Now a days a novel eye detection system has been designed.
April 5, 2022

This non-invasive technology has multiple applications in areas such as security and health.

Researchers from the ‘Integrated Systems Engineering’ group of the E.T.S. I of Telecommunications of the University of Malaga, specialized in artificial vision and assistive robotics, have designed this new system that can capture clear images of the iris at a distance of two meters and without the need for the person to stop.
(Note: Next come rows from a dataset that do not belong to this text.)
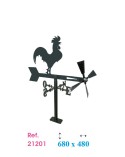 Veleta de Hierro Gallo para Jardín - Veleta de Viento con Aspas Decorativa Fabricada en España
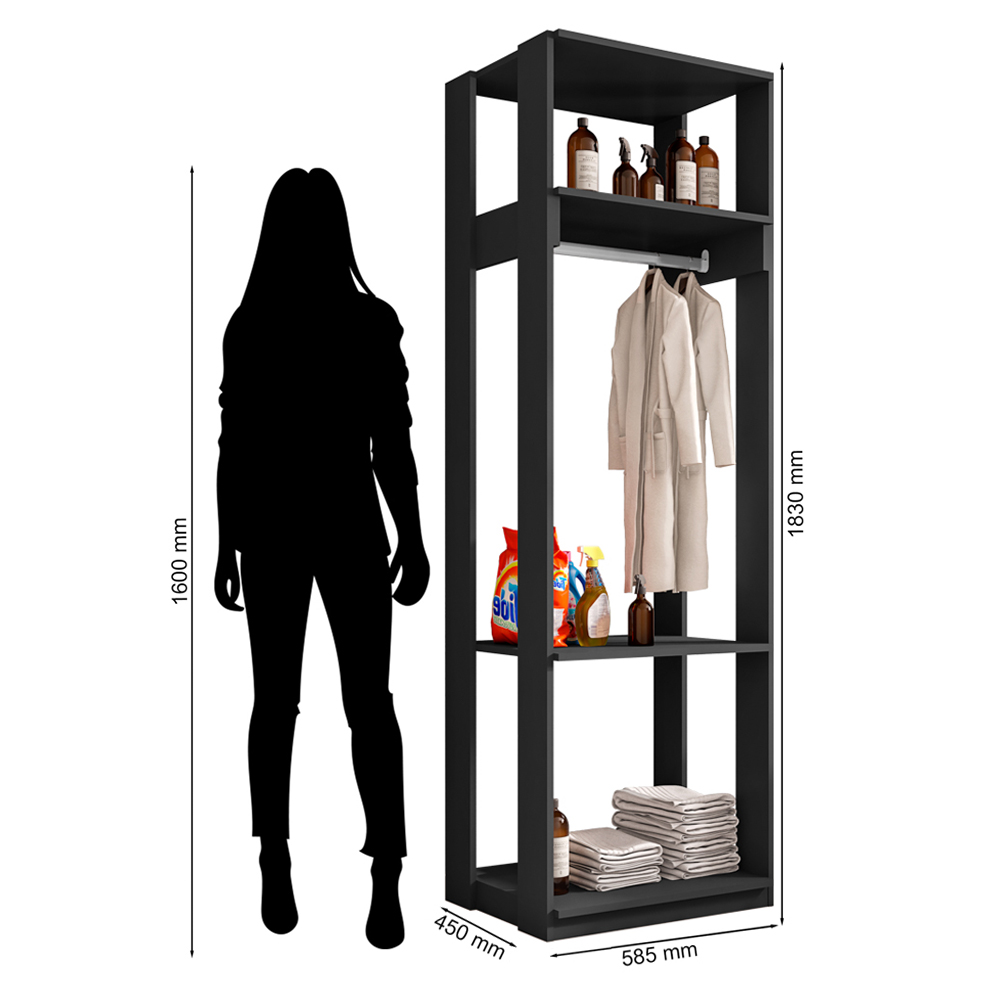 Módulo Guarda Roupa Closet 58cm Com Prateleiras Titan Preto Velluto - Móveis Leão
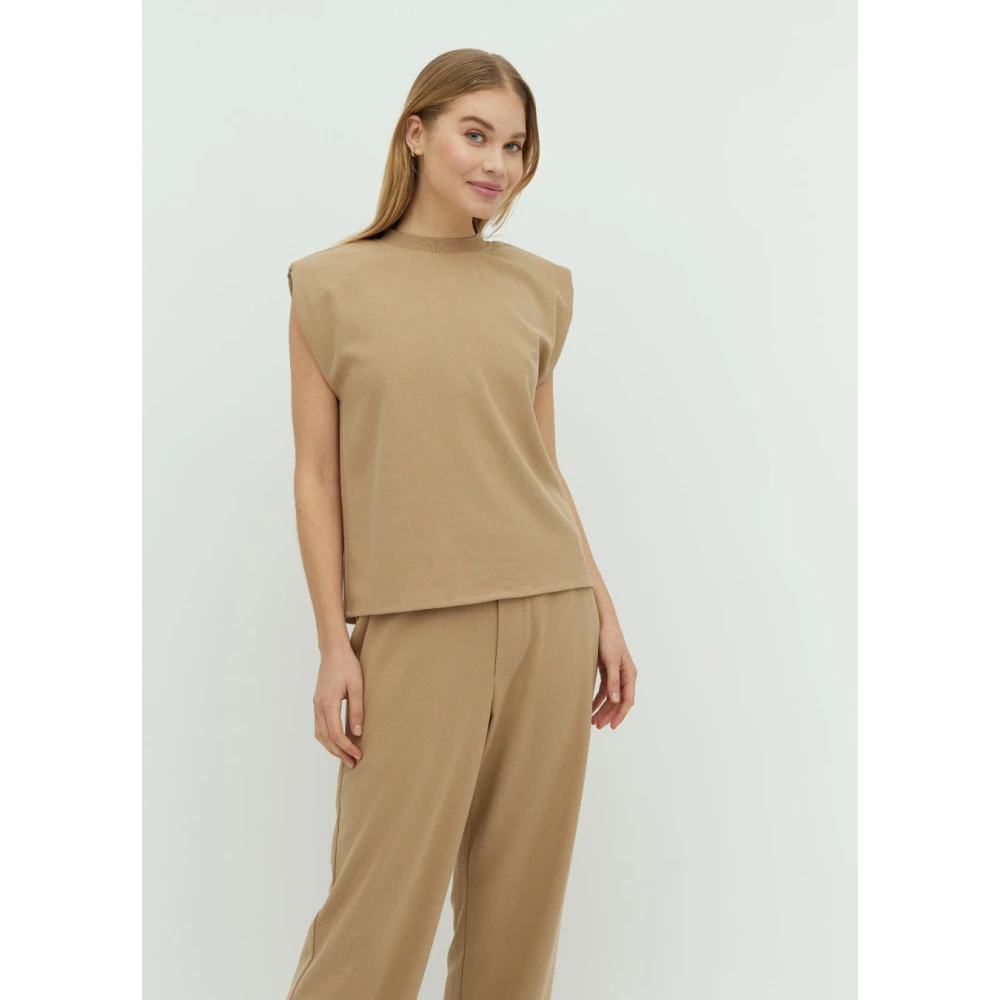 MbyM Beige Mouwloze Top met Schoudervullingen Beige Dames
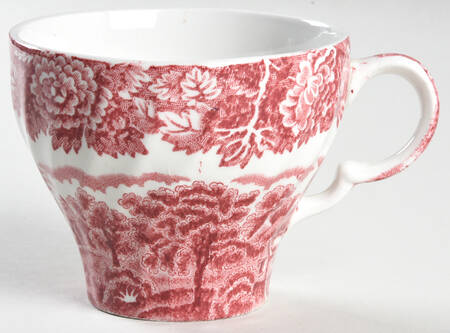 English Scenery Pink (Black Backstamp, Scallop) Flat Cup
This is an important step in the development of non-invasive biometric identification systems for iris recognition, as it adds greater processing capacity, with lower energy consumption and, in addition, it has managed to reduce the physical size of the system, which becomes an embedded system with a single camera, with very high resolution, instead of several cameras connected to their respective computers.

“It‘s main advantage is that it works with the person in motion and at a distance of two meters, also it does not require the person to stop in front of the camera to be identified, but is able to capture the iris while walking,” says UMA engineer Adrián Romero, one of the authors of the study.

Likewise, the expert explains that the eye detection system developed can analyze more than 700 images per second, although, due to subsequent filtering and evaluation steps, the rate is reduced to about 88 images per second. “It must be taken into account that the previous system worked with only twenty images, so the quantitative leap is enormous,” adds Professor Antonio Bandera Rubio, a member of this R+D+i group at the UMA.

This work has recently been published in the scientific journal ‘Expert Systems with Applications’ and is part of an architecture for biometric identification based on iris recognition that, for more than a decade, has been developed with the company ‘SHS Consultores’ from transfer contracts managed by the OTRI of the UMA.

Its commercial implementation is the next objective, seeking to convert the iris into the new fingerprint, thus facilitating security in access or capacity controls and always in spaces where surveillance is previously specified.